I suppose it gets me out of bed and gets the blood flowing, a quick Sunday morning stomp to one of our local corner shops. I’ll pop straight in, offer the obligatory pleasantries, grab the papers and be back for breakfast before you know it.

Unfortunately it doesn’t work like that. The lady behind the counter is one of my patients; one of those late-middle-aged, permed, maternal huggers. One who’s solicitude for me far exceeds my solicitude for her (it might be different if she had anything wrong with her). ‘Ooh Dr Peverley, you’re up bright and early? And how have you been?’ And before you know it, inevitably, we’re having a conversation.

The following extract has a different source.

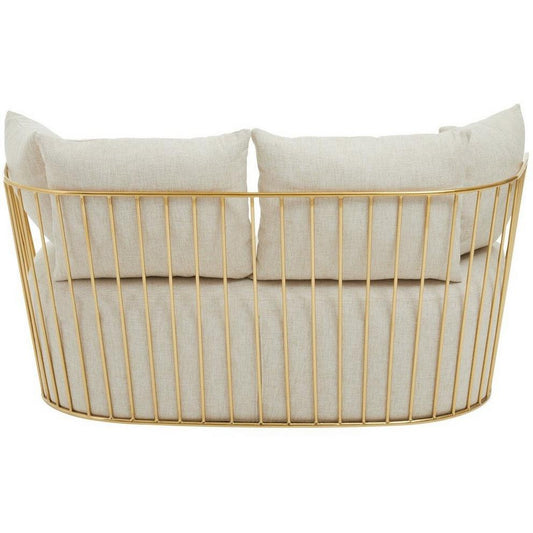 Azalea Two Seat Natural Fabric Sofa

Well, here I am, in the corner shop, so I might as well stock up. ‘I’ll have one of those big bars of Dairy Milk please. No, make it two.’ ‘That’s a lot of chocolate!’ she exclaims, with a totally undisguised glance at my waistline. I cringe. ‘Ah, come on Vera. You know I’ve got three lumbering lads living in my house.’ (Who can buy their own bloody chocolate if they want it, I add, sotto voce).

‘Oh yes, Martin is back from Madagascar isn’t he?’ She knows all my sons by name. They’re grown-up now, but she used to track their progress keenly via the annual school photographs on my desk. ‘He was in here yesterday buying tequila and some jelly shots.’ I make a mental note. Jelly shots?

‘I’ll have a bottle of gin, please. That Bombay Sapphire one,’ I add. ‘Ooh, the expensive one this week! Normally you just prefer to go for that cheap stuff.’ I throw a nervous glance towards the people behind me in the queue. ‘Ah ha ha, yes, ha hah, my wife always says it all tastes the same when you put the tonic in!’ I can feel my nose growing longer. I’m racking up mortal sins by the minute. I lean forward and hiss: ‘Just gimme the gin and the chocolate, alright?’

She hands them over with a broad grin. ‘Would you like any more of your cigars, Dr Peverley?’ she shouts, and the queue behind me peers over my shoulder with lively interest.

‘ONCE! ONCE I bought a bloody cigar here! For my goddaughter’s christening! I couldn’t finish it!”